WHAT IS NEEDED: Should the entries contain pictures, leave them out and return exactly the lines from the first through the line holding "vidaXL Uppsättning väggbonader".

^^^^^^^^^^^^^^^^

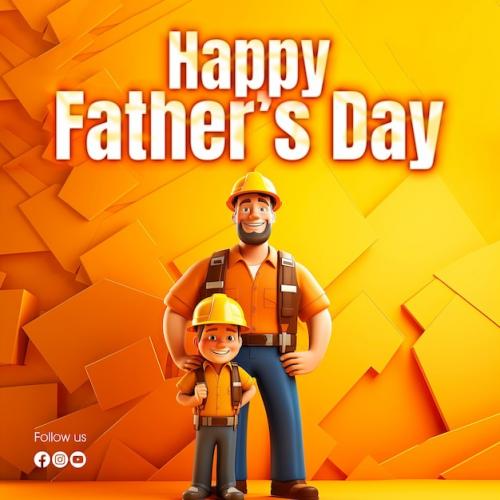 Premium PSD | Happy father's day social media post poster design with father and son background Premium PSD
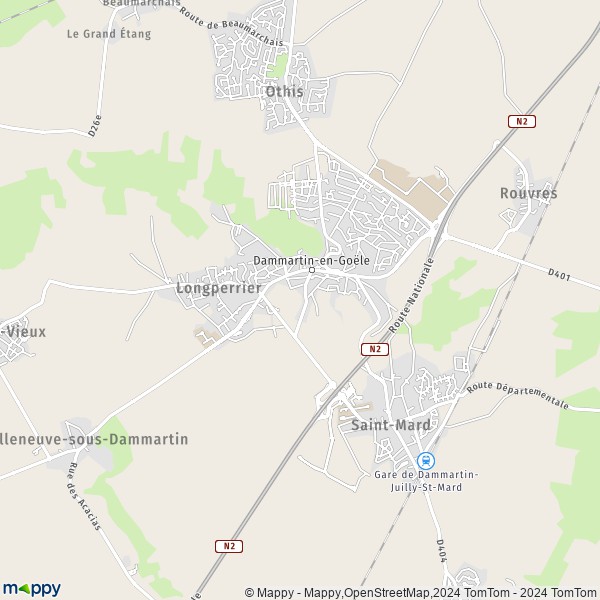 La carte pour la ville de Dammartin-en-Goële 77230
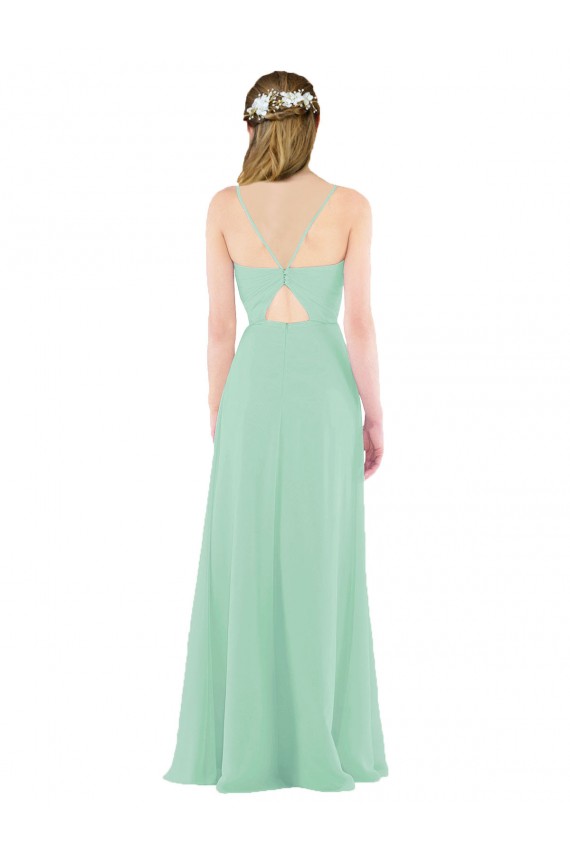 V-Neck Long Soft Chiffon Mint Green Sheath Sleeveless Bridesmaid Dress Victoria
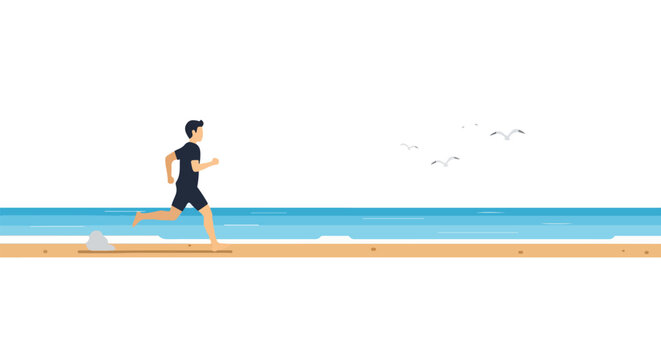 Vector illustration showing a man jogging along a sunny beach with seagulls in the background, ideal for a wellness campaign or travel brochure 152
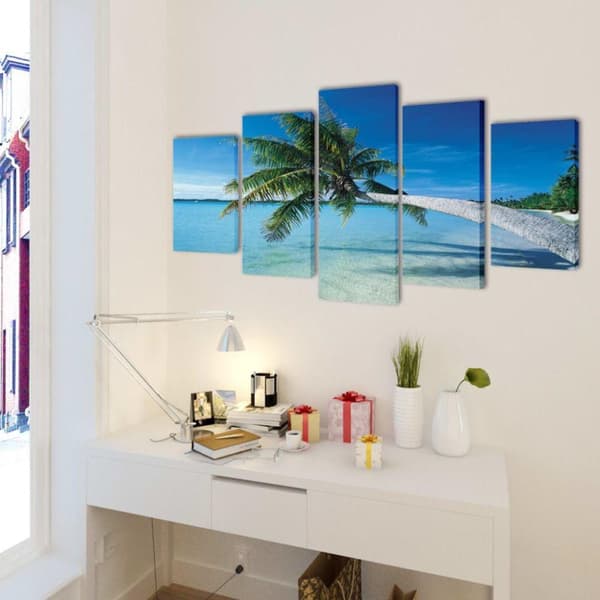 vidaXL Uppsättning väggbonader på duk: strand med palm 200 x 100 cm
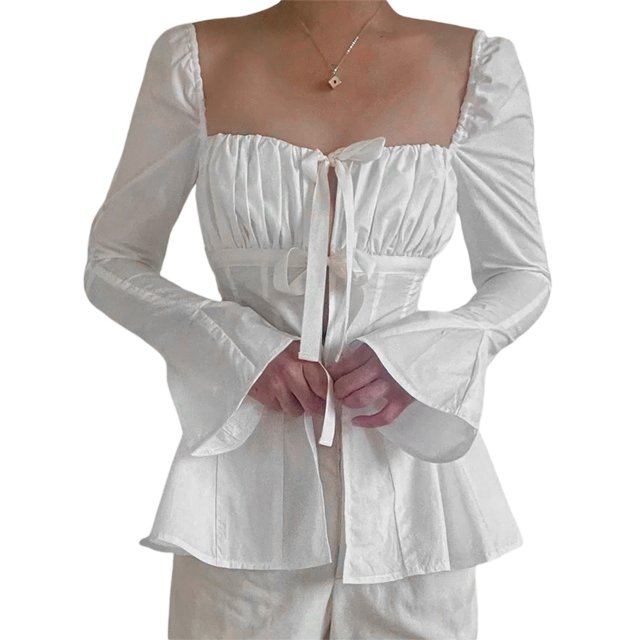 Faithtur Hauts Plissés pour Femmes, Manches Longues Col Carré Bandage Couleur Unie Chemise de Rue Décontractée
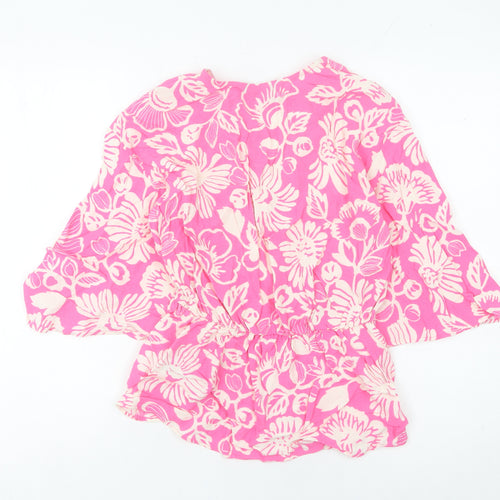 Marks and Spencer Women’s Pink Floral Wrap Blouse Size 6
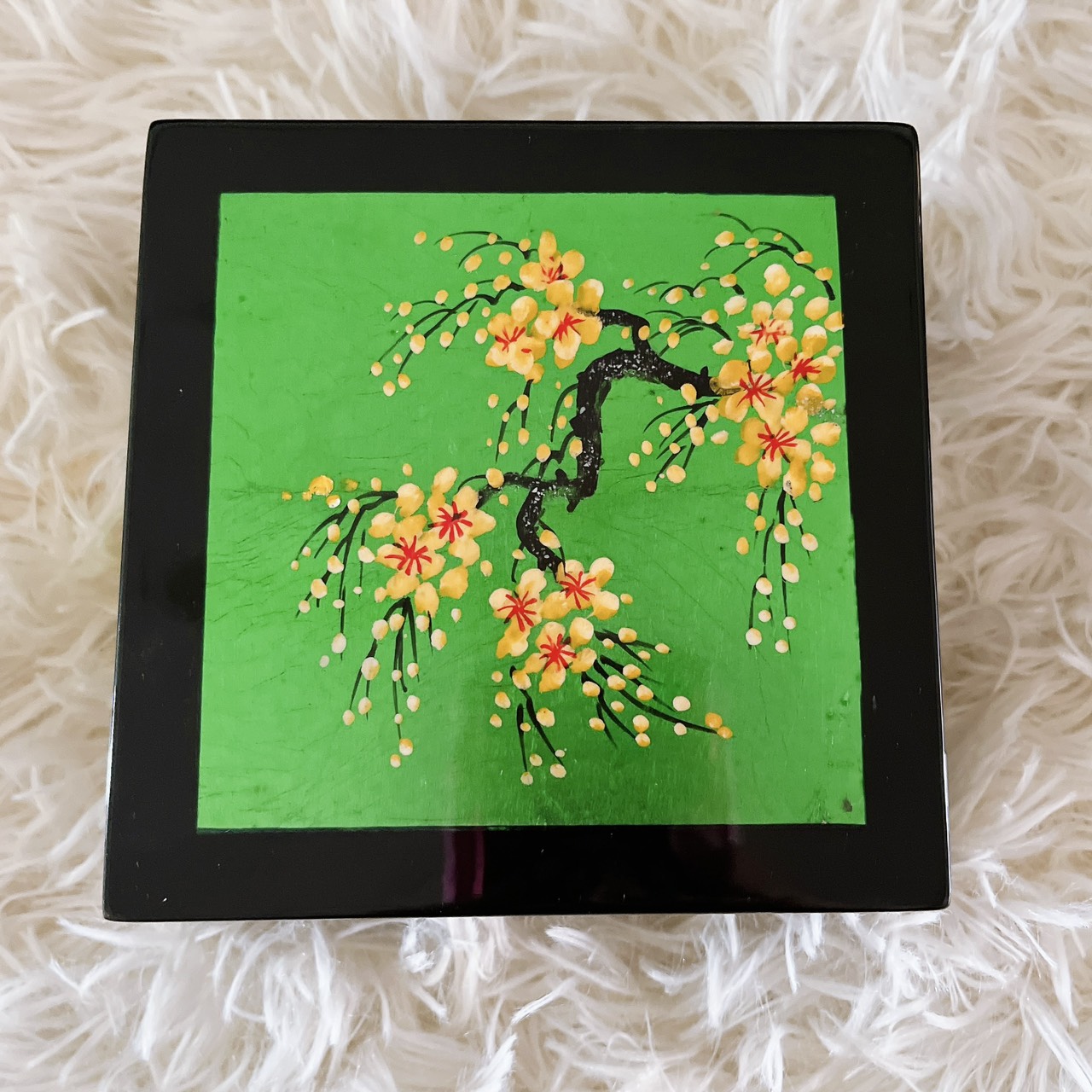 Hộp sơn mài vuông cao cấp Thanh Bình Lê đa năng đựng đồ vật, làm quà tặng ý nghĩa size 12x5 cm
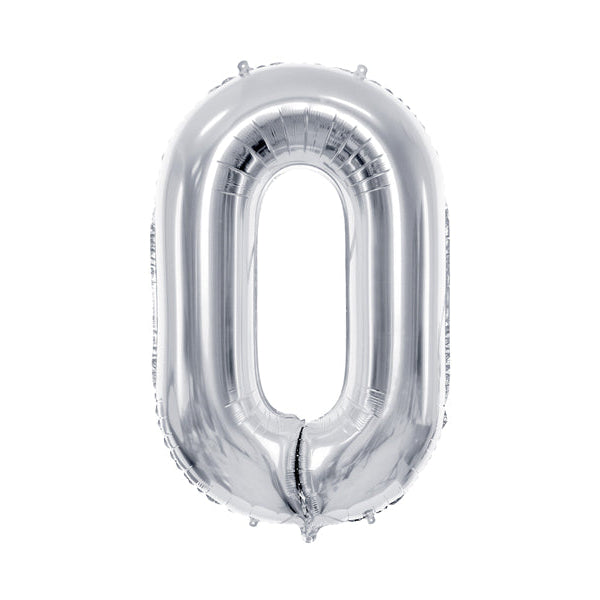 Folienballon Ziffer - 0-9 silber 72 cm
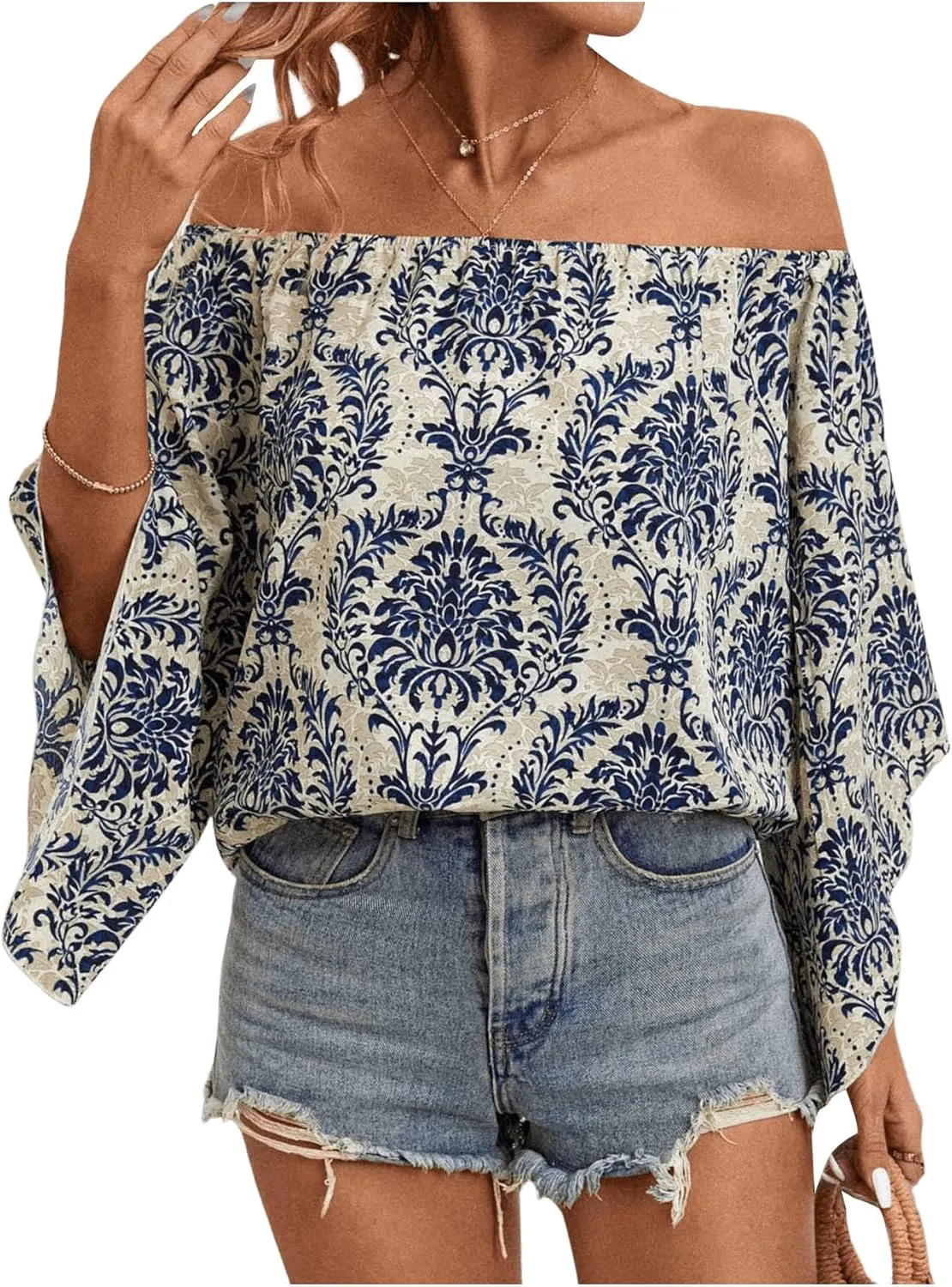 Floerns Women's Boho Off Shoulder 3/4 Bell Sleeve Summer Blouse Top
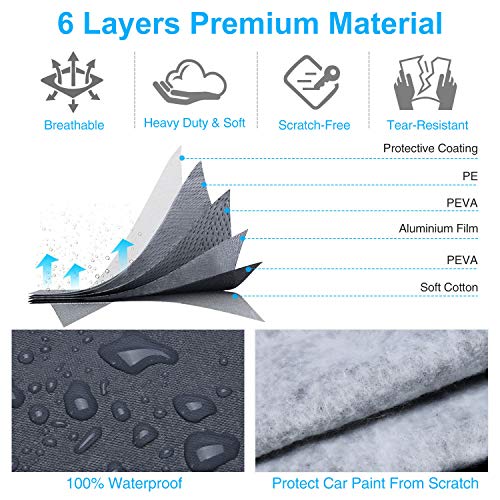 KAKIT Waterproof Truck Cover 6 Layers Pickup Truck Cover All Weatherproof with Door Zipper for Auto Vehicle Outdoor Indoor(Fit Truck Up to 242\")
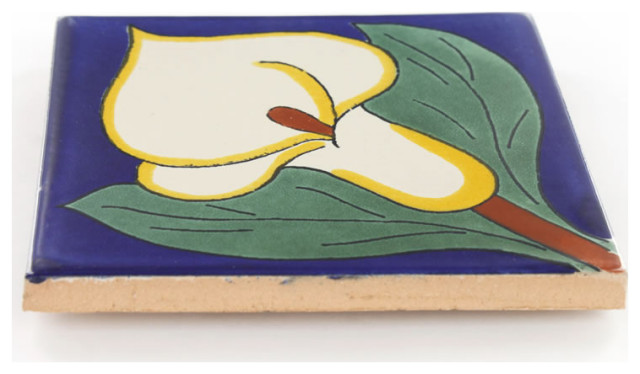 Handmade Tierra y Fuego Ceramic Tile, Callalilies 2, Set of 9 ...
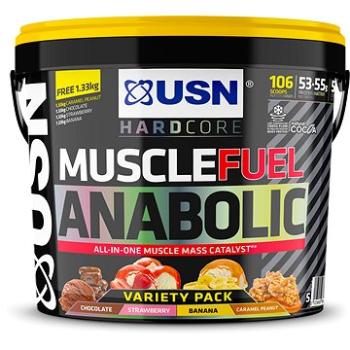 USN Muscle Fuel Anabolic Variety pack (Čokoláda, Jahoda, Banán a Arašidy s karamelom) 5,32 kg (6009544942597)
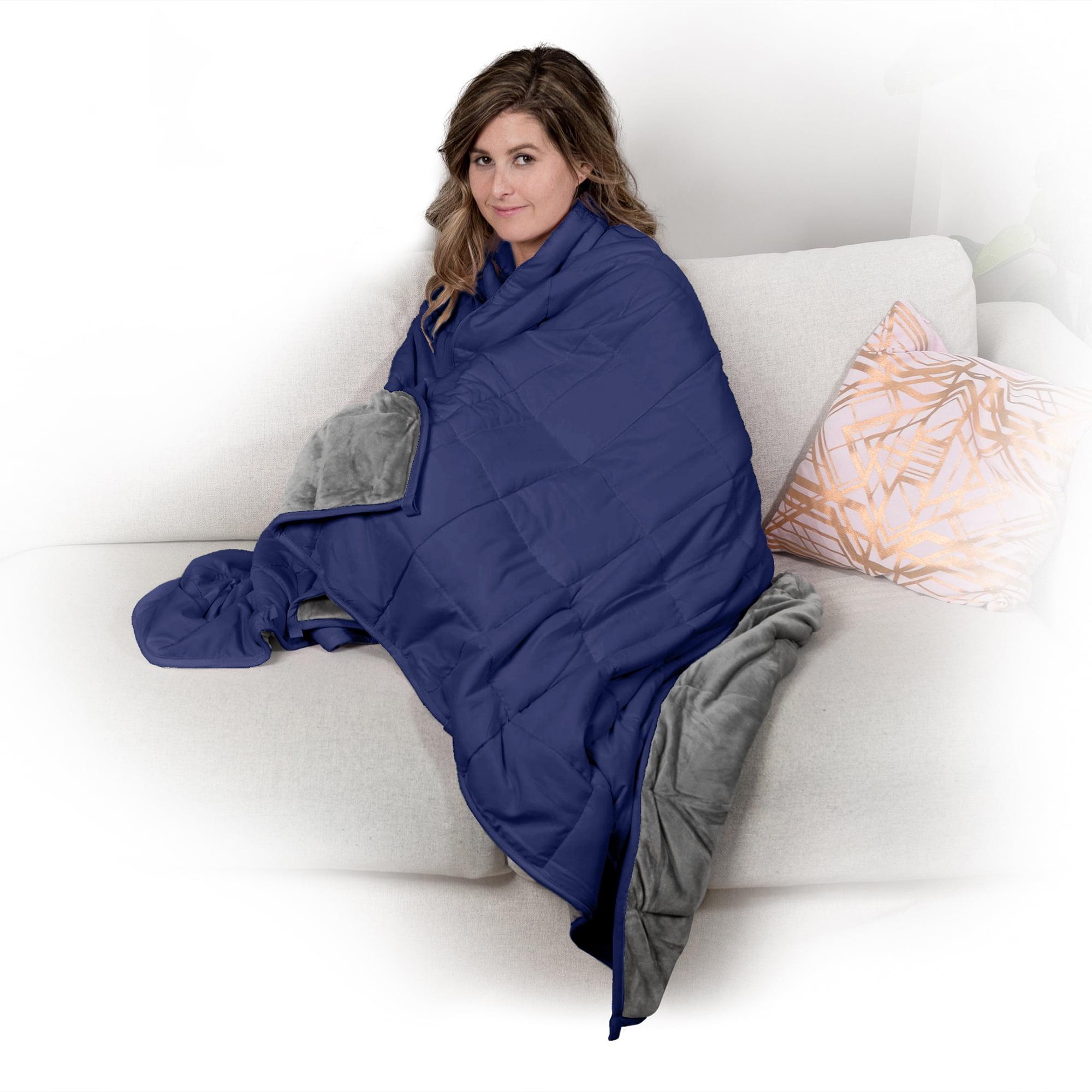 Ella Jayne Weighted Blanket, 15lb  -  Grey/Navy  -  15 lb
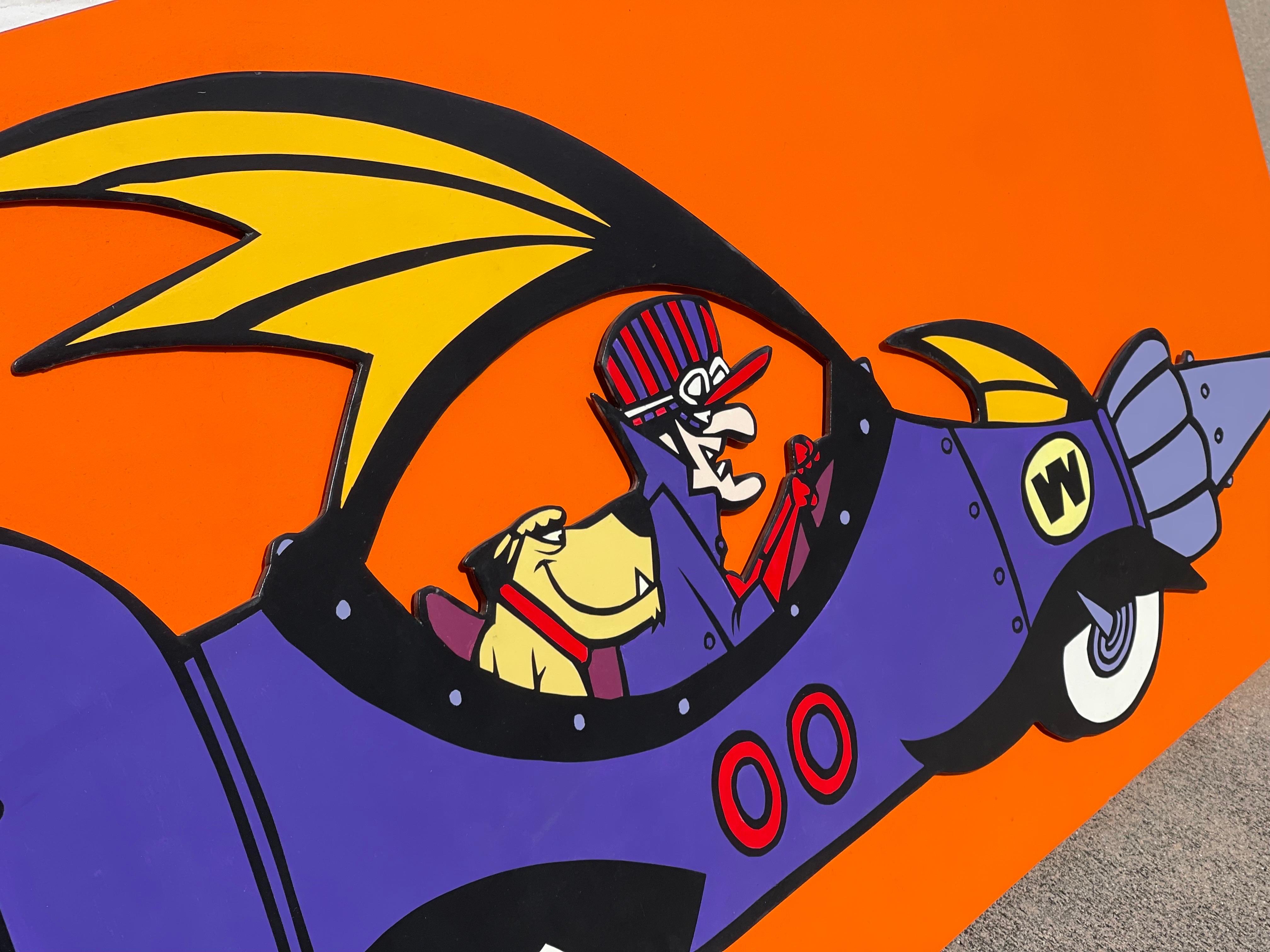 Whimsical recreation of the iconic Dick Dastardly and his trusty sidekick Muttley. Through clever use of paint, wood, and vinyl cutouts, David Travis creates a piece that evokes the nostalgic.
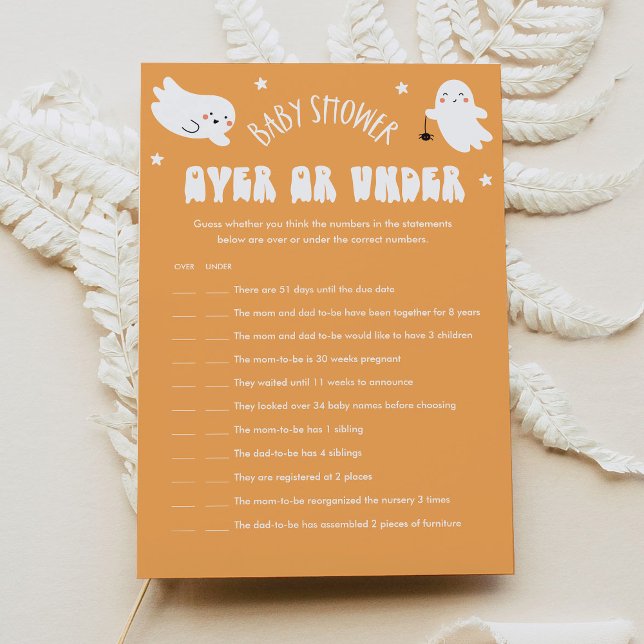 Kawaii Halloween över eller under babyvisningsspel Inbjudningar (Skapare uppladdad)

^^^^^^^^^^^^^^^^

TASK RESULT:
 Premium PSD | Happy father's day social media post poster design with father and son background Premium PSD
 La carte pour la ville de Dammartin-en-Goële 77230
 V-Neck Long Soft Chiffon Mint Green Sheath Sleeveless Bridesmaid Dress Victoria
 Vector illustration showing a man jogging along a sunny beach with seagulls in the background, ideal for a wellness campaign or travel brochure 152
 vidaXL Uppsättning väggbonader på duk: strand med palm 200 x 100 cm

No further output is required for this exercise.